Nice job. How did you join the ledges to the uprights?

Reply to
The Medway Handyman

The gate looks good. I'm not quite sure what keeps the posts upright, though.

Reply to
Roger Mills

Thanks. A bit of a bodge I feel, but it'll do for a while. The Ledges? I assume you mean the cross members, the lefty righty bits? I don't know all these posh 'correct' names! :)

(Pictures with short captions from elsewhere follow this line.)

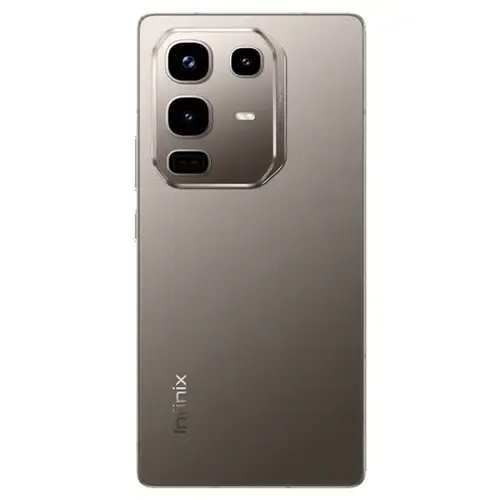 Infinix Note 50 Pro photo
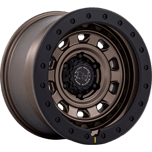 XPLORER XPLORER BURNT BRONZE W/ MATTE BLACK LIP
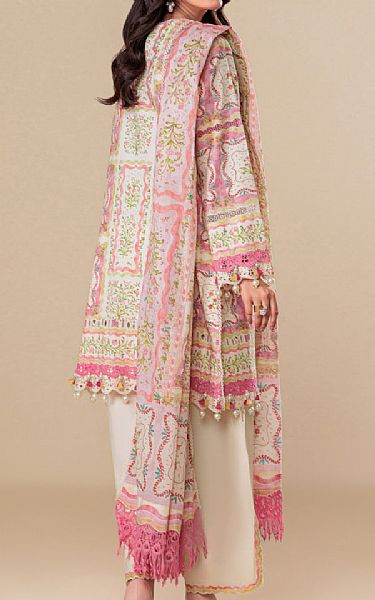 Bonanza Multi Lawn Suit | Pakistani Lawn Dress in USA- Image 2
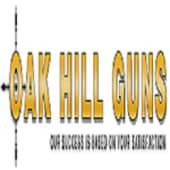 Oak Hill Guns's Logo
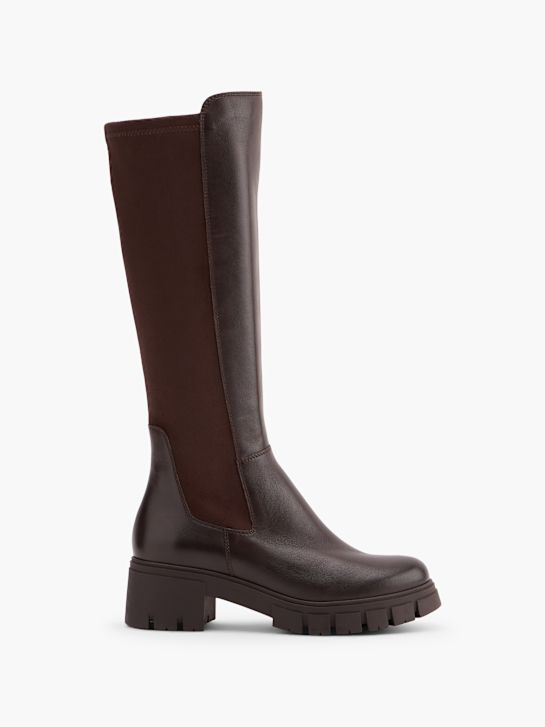 5th Avenue Bottes Marron 152261 1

Mortice and tennon joints. 20mm wide, full height and 30 mm deep into the uprights.

Reply to
Mike Barnard

130mm Coach bolts into the brick. I really don't want to cut into the stone of the step to bury the posts deeper but if it sags... and I have this nagging fear it will...
Reply to
Mike Barnard

I used those drill and hammer/screw in window frame screws for the 'posts' I used for the gate in our side passage. Been there for years and no sign of coming out yet - even though I broke the head off one of the screws with my impact driver...

S
Reply to
spamlet

Problem is though - in the case under discussion - the posts are not directly connected to anything solid, the nearest brickwork being at the other end of short lengths of picket fencing - which will provide very little rigidity in the plane of the (closed) gate.

Reply to
Roger Mills

Wrong. I've bolted the posts at the base into the brickwork that surrounds the steps. When I get around to hanging it I'll find out.